If you run the above code, you should get the exact same hash output. Also try modifying the input_string and rehashing. You should notice that the output changes rather significantly. Even if all you do is add or remove a single space to the input, it is easy to notice the change. This drastic change is known as the Avalance Effect.

Also notice the length of the hash, 64 hexidecimal characters.

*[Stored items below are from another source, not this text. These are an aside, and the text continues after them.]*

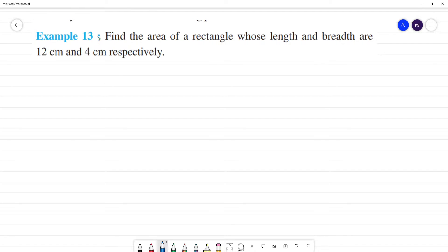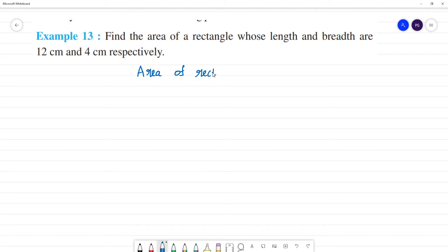Find the area of a rectangle whose length and breadth are 12 cm and 4 cm respectively. What is the formula for area of a rectangle? The formula for area of a rectangle is equal to length into breadth.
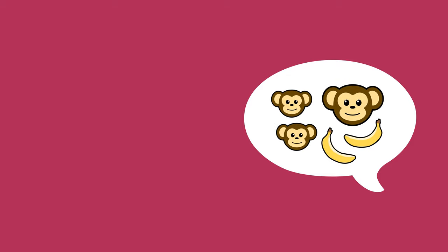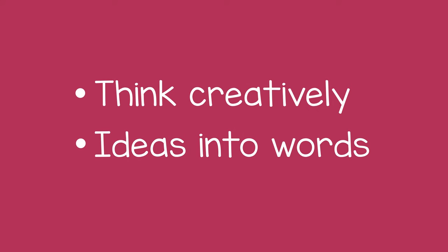Making up a story helps a child learn to think creatively and put their ideas into words.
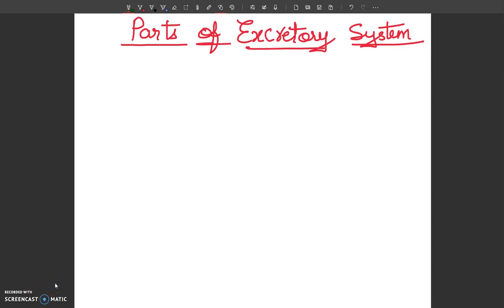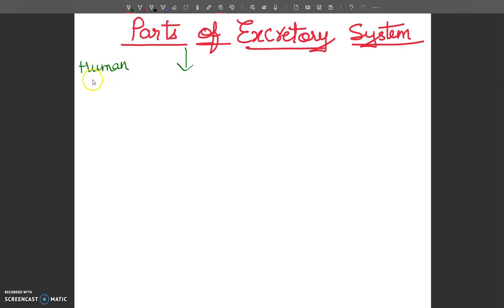Hello, dear students, welcome once again to my YouTube channel. We are discussing this video series for Class 10 students. In my last video we discussed the basics of excretion and osmoregulation. In this video tutorial I am going to discuss the parts of the excretory system — how many parts are there — especially in human beings.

# what is the length of this hash?
len(sha256_hash)
# returns 64

The hashlib.sha256() function also accepts a bytes-like object as an argument, so we can use it to generate the SHA256 hash of a file. Here’s an example of how to do this with a file called text_file.txt containing everyones favorite, lorem ipsum:

Lorem ipsum dolor sit amet, consectetur adipiscing elit.
Vivamus condimentum sagittis lacus, laoreet luctus ligula laoreet ut.
Vestibulum ullamcorper accumsan velit vel vehicula.
Proin tempor lacus arcu.
Nunc at elit condimentum, semper nisi et, condimentum mi.
In venenatis blandit nibh at sollicitudin.
Vestibulum dapibus mauris at orci maximus pellentesque.
Nullam id elementum ipsum. Suspendisse cursus lobortis viverra.
Proin et erat at mauris tincidunt porttitor vitae ac dui.
# Open the file
with open("text_file.txt", "rb") as f:
    # Read the contents of the file
    data = f.read()

# Generate SHA256 hash
sha256_hash = hashlib.sha256(data).hexdigest()

# Print the hash
print(sha256_hash)
d16267b56ea53c1b340a3fd9ba7f70d8a6037abf350b492b60264ff32f19faf0

Once again, I would encourage you to try modifying the contents of the text file and rehashing it to observe the Avalance Effect. Notice that if you have the hash of a file, you can use that to confirm the integrity of the content.

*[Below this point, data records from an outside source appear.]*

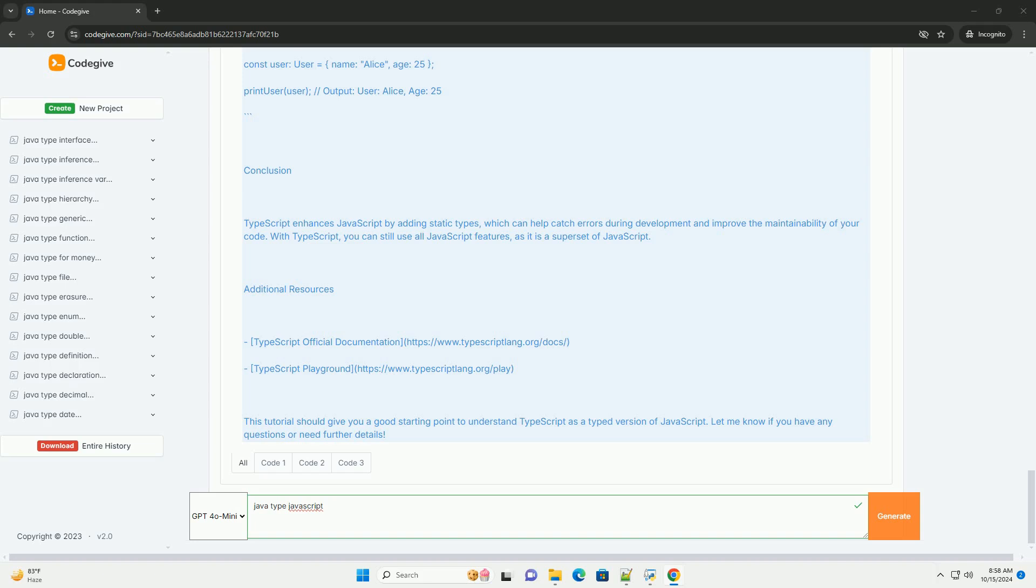Conclusion. TypeScript enhances JavaScript by adding static types, which can help catch errors during development and improve the maintainability of your code. With TypeScript, you can still use all JavaScript features, as it is a superset of JavaScript.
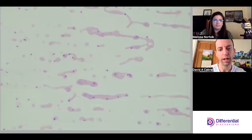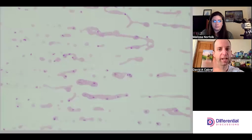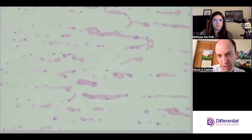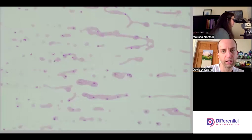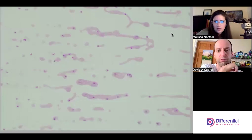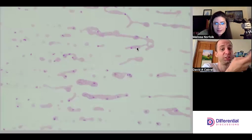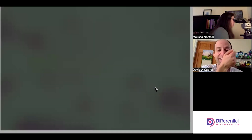Generally, procedurally, we would start evaluating the slide on a lower power and check around the feathered edge and the edges of the slide. So we started on low power — it's kind of tricky to see at 10x — but you can see some clumps here and here. It's way easier eyes on scope. Let's go down to 40x.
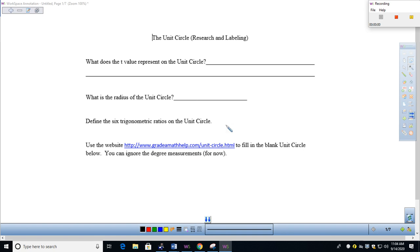Welcome, everyone. Today's lesson is The Unit Circle Research and Labeling. This is a follow-up to the introductory lesson on the unit circle, and this is going to be a pretty quick one.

Using a SHA256 Hash to Verify File Integrity

Once we have the SHA256 hash of a file, we can use it to verify the integrity of a file or other data. This is useful for verifying the authenticity of downloaded files or blocks of data.

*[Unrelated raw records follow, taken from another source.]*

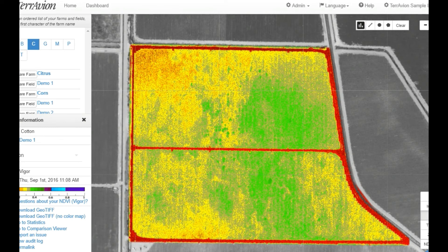With the benefit of imagery, you would have avoided this ill-timed decision and would have known to wait until the whole field was ready to defoliate before making an application. This is how you can use Terevion imagery to help you determine the optimal time for a successful defoliant application.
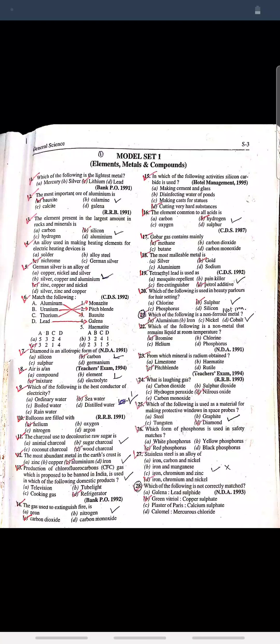Question: Which of the following is not correctly matched? Answer: Green vitriol — copper sulfate. Thank you for watching.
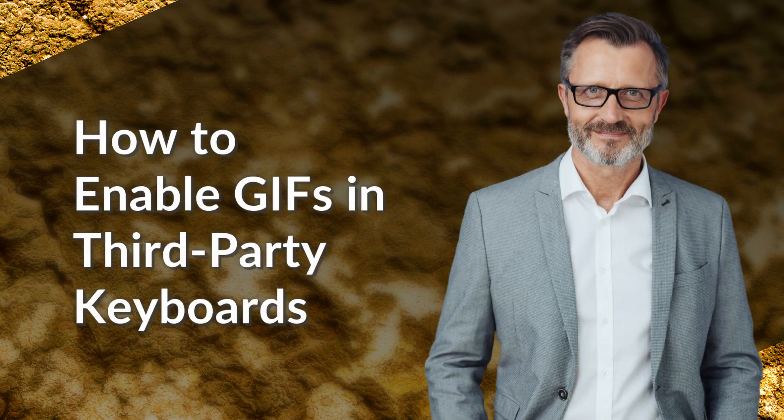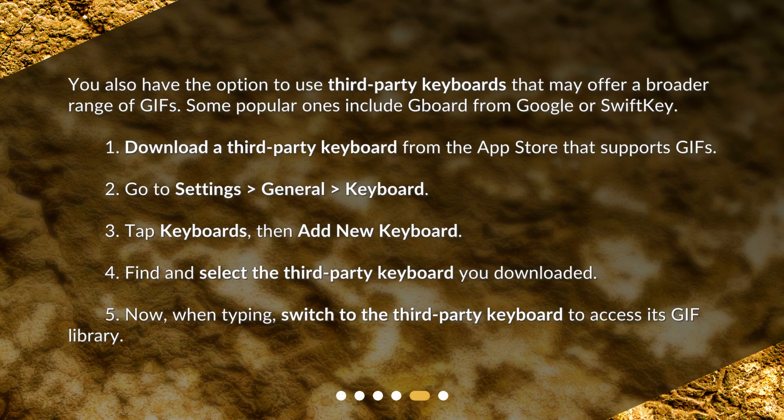How to enable GIFs in third-party keyboards? You also have the option to use third-party keyboards that may offer a broader range of GIFs. Some popular ones include Gboard from Google or SwiftKey. 1. Download a third-party keyboard from the App Store that supports GIFs. 2. Go to Settings, General, Keyboard. 3. Tap Keyboards, then add new keyboard. 4. Find and select the third-party keyboard you downloaded. 5. Now, when typing, switch to the third-party keyboard to access its GIF library.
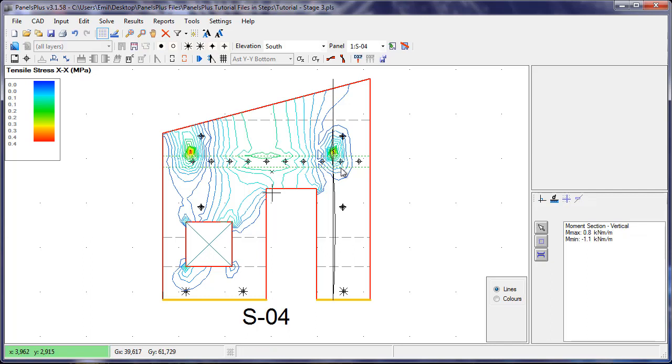And if any of the stresses are too high, we can adjust the bracing or input steel as required.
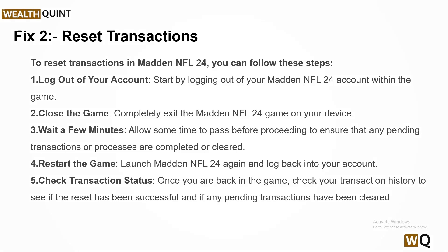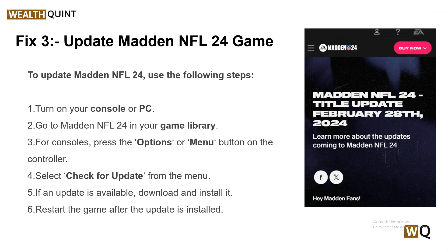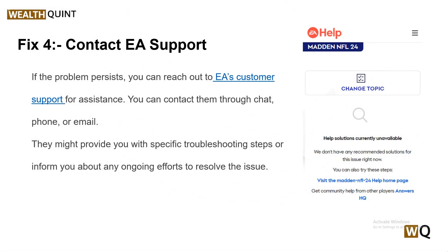Solution 3: Update Madden NFL 24. Ensure that your game is up to date with the latest patches and updates, as simply updating the game can resolve certain bugs or glitches that cause transaction issues. To update Madden NFL 24: turn on your console or PC and go to Madden NFL 24 in your game library. For console, press the Options or Menu button on the controller, then select 'Check for Updates' from the menu. If an update is available, download and install it, then restart the game after the update is installed.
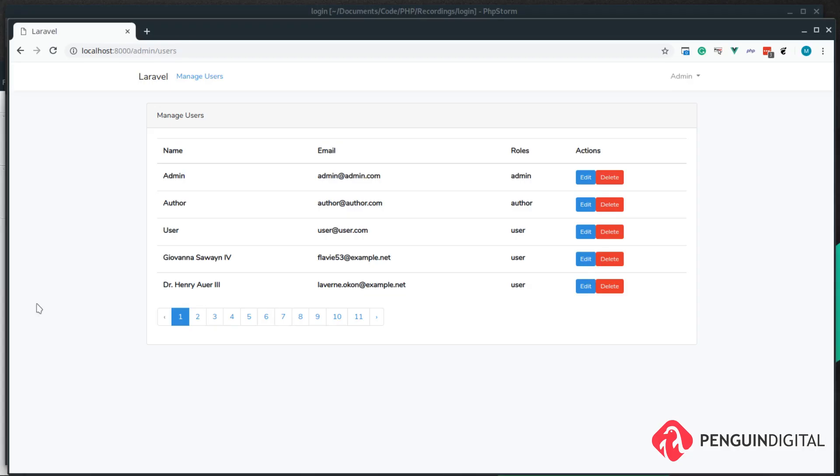There was a slight oversight in a previous video when we created our delete method. When we delete a user, it doesn't delete the roles as well. Now this doesn't really have an effect on the application, but it's probably best practice we clean up the relationship after a user is deleted.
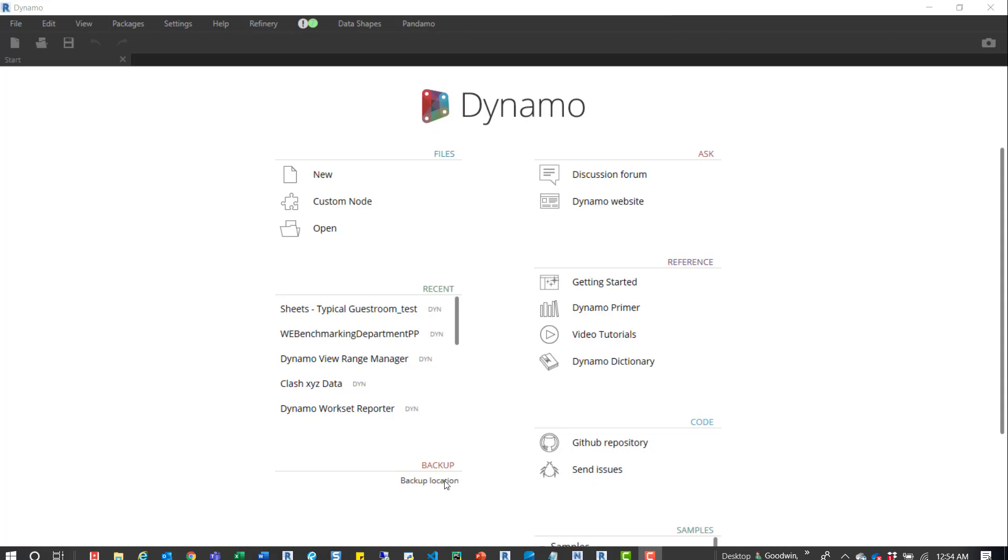So when Dynamo crashes, you can actually go back and grab those files and then drop them back into the location they originally were.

We can do this by comparing the SHA256 hash of the downloaded file with the expected hash. If the hashes match, then we can be sure that the file has not been tampered with.

Here’s an example of how to do this in Python:

# Expected hash
confirmation_hash = "d16267b56ea53c1b340a3fd9ba7f70d8a6037abf350b492b60264ff32f19faf0"

# Open the file
with open("text_file.txt", "rb") as f:
    # Read the contents of the file
    data = f.read()

# Generate SHA256 hash
sha256_hash = hashlib.sha256(data).hexdigest()

# Compare hashes
if sha256_hash == confirmation_hash:
    print("Hashes match! The file is authentic.")
else:
    print("Hashes do not match! The file may have been tampered with.")
Hashes match! The file is authentic.

In this example, the file is authentic! Conversely, if the file has been tampered with, we would know because it results in a different hash.

Large Files

Notice that, thus far, the size of the hash remains the same regardless of the size of the item to be hashed. Let’s hash an image file.

Mike strolling around

# Open the file
with open("mike.png", "rb") as f:
    # Read the contents of the file
    data = f.read()
    
# Generate SHA256 hash
sha256_hash = hashlib.sha256(data).hexdigest()

# Print the hash
print(sha256_hash)
74a3d70ac1fe79985c58e76684ea72d69df1024a087f8e0750f8f800df1030ce

How about a video file?

https://agilephd.s3.amazonaws.com/Afghanistan_homecoming.mov

# Open the file
with open("Afghanistan_homecoming.mov", "rb") as f:
    # Read the contents of the file
    data = f.read()
    
# Generate SHA256 hash
sha256_hash = hashlib.sha256(data).hexdigest()

# Print the hash
print(sha256_hash)
9b6df1e46424704e281ea1b9e933fec9cc599e9f5f75ddba2bf1deed647e6b2d

As we moved from a simple “hello world” string to larger text, image, and video files the size of the hash remained consistent at 64 hexidecimal characters.

len(sha256_hash)
# returns 64

Conclusion

In these examples, we looked at how to generate and use SHA256 hashes in Python. We saw how to generate a SHA256 hash of a string or a file and how to use it to verify the integrity of a file.

One of the major takeaways should be that hashing is a powerful mechanism for digitally signing data, such as information in a single block of a Blockchain, that validates the integrity of the data.